Fuente: La Jornada Juan Pablo Duch 06.11.21
En los momentos más inciertos para su permanencia en el poder, por la ola de protestas multitudinarias que estalló el año pasado debido a su controvertida y enésima relección, recibió de su colega ruso, Vladimir Putin, respaldo político y financiamiento para aplacar el malestar de la población que empezaba a expresarse en huelgas en empresas públicas. El pago puntual de salarios y la represión consiguieron abortar la huelga general a la que había convocado la oposición.

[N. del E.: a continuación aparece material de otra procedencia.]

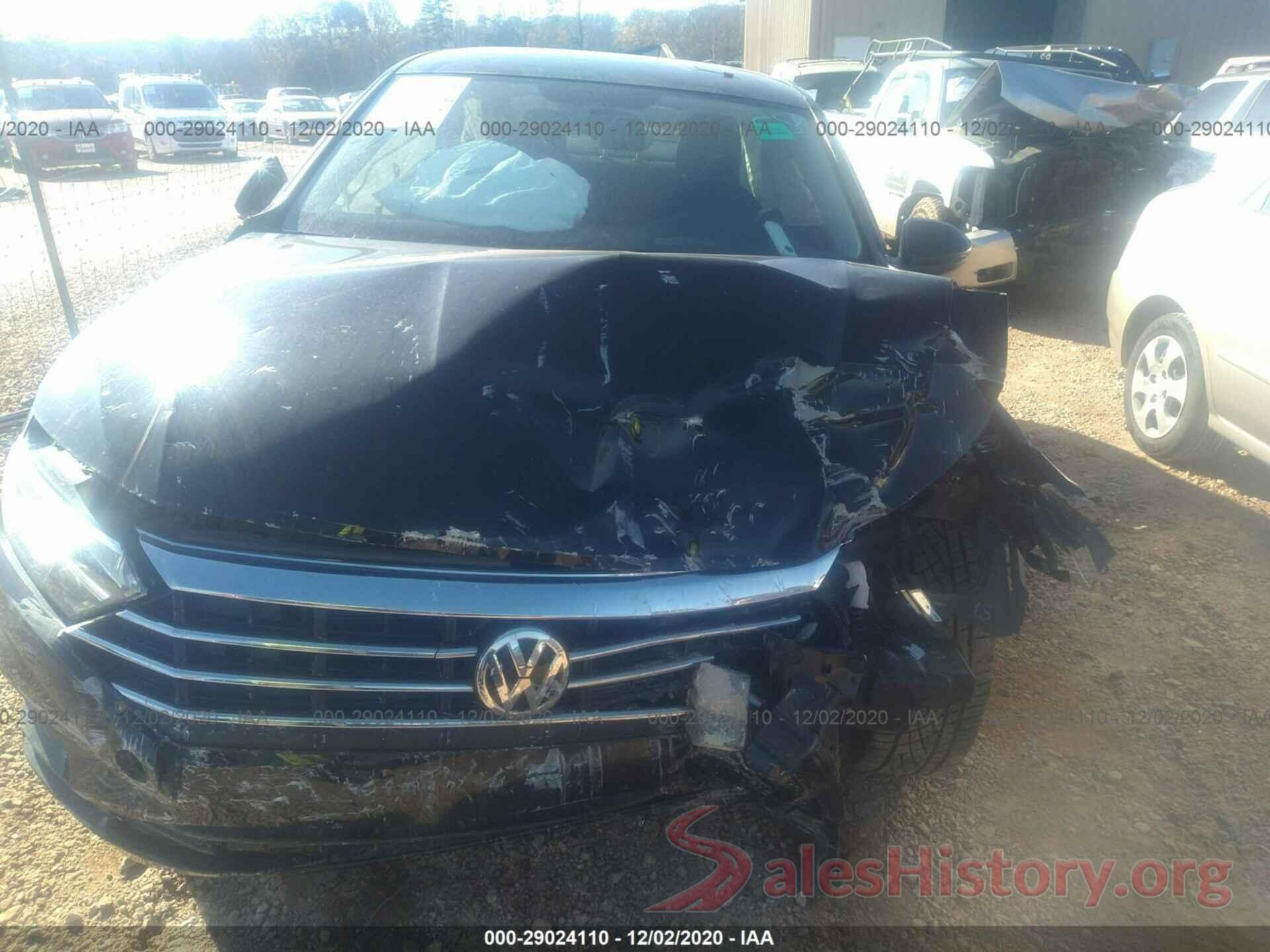 3VWC57BU6KM165426 2019 VOLKSWAGEN JETTA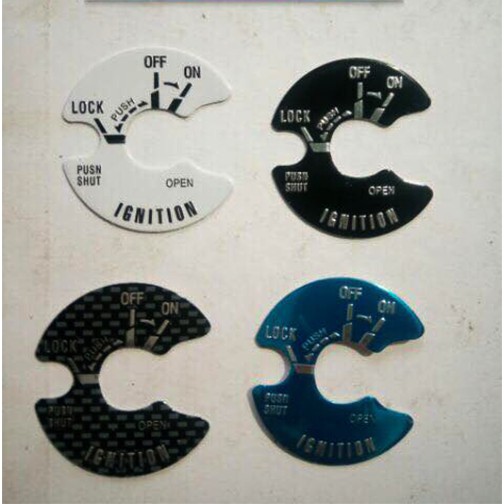 Nhông sên đĩa exciter winer 150 Thai xích vàng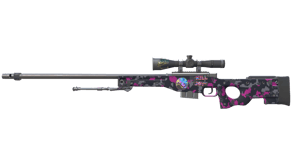 Pink DDPAT image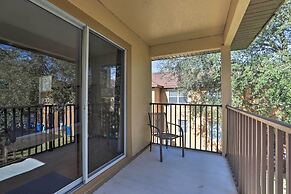 10 Mi to Disney: Resort Getaway w/ Balcony!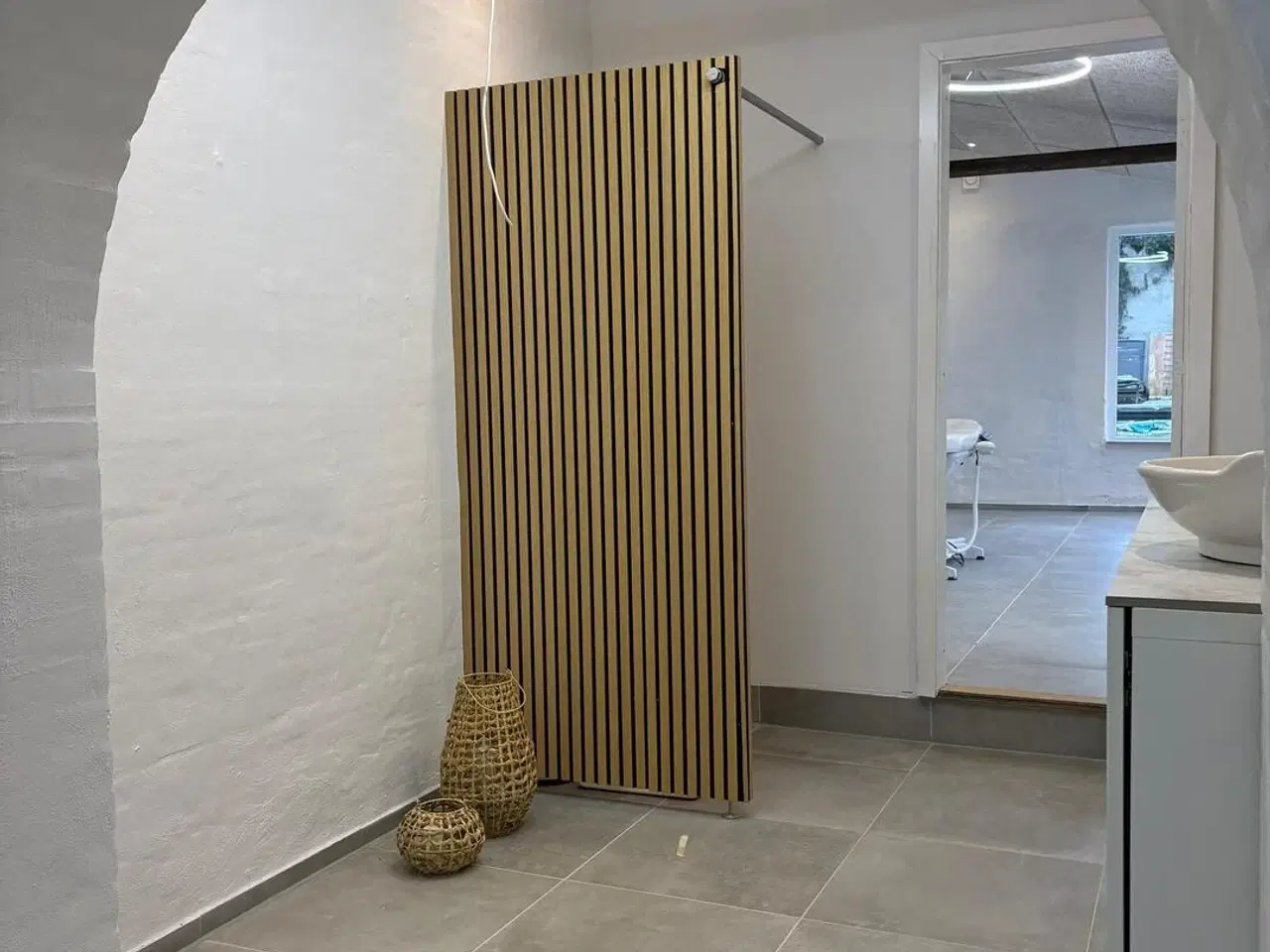 Billede 3 - Kontor til leje med faciliteter i Østjylland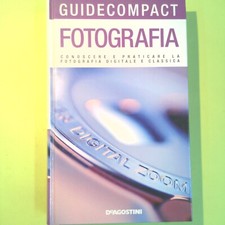 FOTOGRAFIA GUIDE COMPACT DE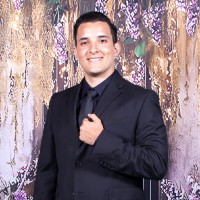 José Alfredo González Garza
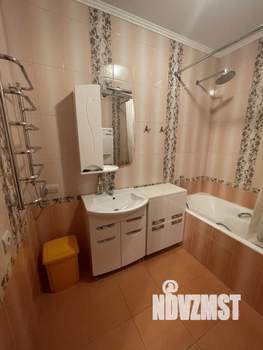 3-к квартира, вторичка, 74м2, 5/9 этаж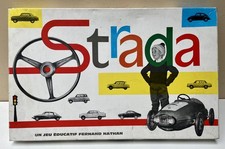 Strada jeu éducatif d'occasion  Loches
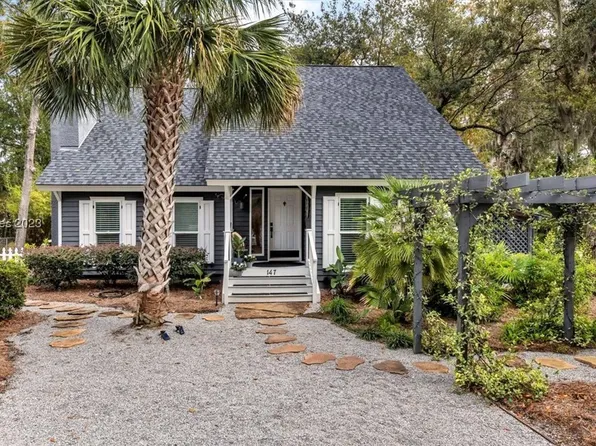 147 Alljoy Rd, Bluffton, SC 29910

A cambio, y para compensar el bofetón que dio al influyente sector de la élite gobernante en Moscú que promovió la candidatura de Viktor Barbariko, quien acabó en la cárcel por supuesta corrupción antes de ver su nombre inscrito en las boletas, Lukashenkose comprometió a dejar la presidencia bielorrusa y, maestro en el arte de dar atole con el dedo, nunca dijo que iba a soltar las riendas del poder.
El Kremlin, a regañadientes, admite que Lukashenko incumpla su palabra, e incluso se hace de la vista gorda en afrentas como el reciente secuestro en Moscú por los servicios secretos del vecino país, de un periodista de la edición bielorrusa de un rotativo ruso que, días después, apareció detenido en Minsk, ante el riesgo de que si se va ahora, como asegura el polémico gobernante, Bielorrusia, dará la espalda a Rusia.
Lukashenko volvió a referirse al tema hace un par de días –por videoconferencia, durante el acto de firma de un paquete de documentos para ahondar la integración económica de ambos países–, cuando anunció que en febrero Bielorrusia tendrá nueva Constitución.
Falta por ver de qué manera los autores del texto van a conjugar lo inconjugable, que es algo así como ceder el poder sin entregarlo, para someter a referendo una fórmula que cumpla los dos requisitos que planteó Lukashenko a los constitucionalistas: erigirlo en mandamás vitalicio y evitar el bochorno de exhibirlo en unas elecciones que sólo puede ganar de modo fraudulento.